Georgia O’Keeffe paintings are in dozens of major museums across the world, in New York, London, Paris and, of course, at the artist’s namesake museum n Santa Fe.
But it’s Rio Arriba County, among the desert mesas and mountaintops around Abiquiu, where “you can actually find yourself in an O’Keeffe painting,” says Georgia O’Keeffe Museum director Robert Kret.
“Georgia O’Keeffe selected that place, she made it her home, and she did it for a variety of reasons,” Kret said. “One of the things I observed is the richness of culture, rich culture of history (that) really resonated with her.”
O’Keeffe began traveling regularly to New Mexico in the 1930s before moving here permanently in 1949. She bought her first home at Ghost Ranch in 1940 and then, in 1945, a house not far away in Abiquiu.
Since 2006, the O’Keeffe Museum has operated daily tours of the Abiquiu home and studio, something the former O’Keeffe Foundation had been doing since the early ’90s.
The museum in Santa Fe also has used a ticket office left by the foundation, a less-than-1,000-square-foot former laundromat with enough space to check in for the tour and watch an introductory video.
But as visitation steadily increased – home and studio tours attracted a record 13,500 people in 2017 – so did the need for a larger facility. Kret said the historic site needed basic amenities like restrooms and places to sit, as well as presentation of historical information, to make it a base for a more “well-rounded” visitor experience.
Ground was broken on the O’Keeffe Welcome Center, a nearly 5,000-square-foot building, last fall, and it opened officially in mid-May. The center is officially the property of the Abiquiu Inn, which owns the land. The museum has a 20-year lease.
“It’s not just promoting the Georgia O’Keeffe Museum or the Abiquiu Home and Studio,” said Giustina Renzoni, the historic site manager hired in February to oversee the new facility.
“We really think of ourselves as ambassadors to the Rio Chama Valley. We want to facilitate visitors’ entire experience beyond the doors of the welcome center, and beyond the doors of the home and studio.”
Renzoni said that even if visitors can’t go on one of the home and studio tours, which are mostly scheduled weeks in advance, she still wants them to use the welcome center to learn about O’Keeffe and plan trips throughout the scenic area.
She said all the employees are locals, and some even knew O’Keeffe growing up. That helps when it comes to providing information on other nearby attractions like Ghost Ranch, which offers hiking and a couple of impressive small museums, and the Purple Adobe Lavender Farm.
“In some ways, the landscape of Rio Arriba County is under-appreciated,” compared to tourism hot spots like Santa Fe, Taos and Albuquerque, Kret said.

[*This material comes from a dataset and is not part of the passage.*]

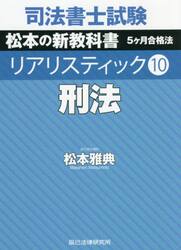 司法書士試験松本の新教科書５ケ月合格法リアリスティック　１０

A digital kiosk in the welcome center’s lobby is designed to show visitors where O’Keeffe made specific paintings. Sites where she painted works like 1952’s “Lavender Hill with Green” and 1956’s “The Patio Door with Green Leaf,” and a series she made in the 1930s of “Gerald’s Tree” (which Renzoni noted is still standing today) are visitor-accessible.
The building’s main room includes a seating area, soon to be equipped with cellphone charging stations, and a shelf of O’Keeffe-related catalogues and books. On the walls are interpretive panels about O’Keeffe’s life in northern New Mexico and her homes.
Exhibits will change throughout the seasons and could cover local, pre-O’Keeffe history, like that of Spanish Colonial or Native American peoples, or regional geology.
Due to insurance and climate control issues, the welcome center doesn’t hold any actual O’Keeffe paintings, but it does display photographs of her taken in the area by friend Maria Chabot and photographer Todd Webb, along with rocks and animal bones from her personal collection.
The center includes a gift shop and a screening room in which Renzoni will show an eight-minute introductory clip, along with other films. There’s classroom space for education programs and which community members can reserve.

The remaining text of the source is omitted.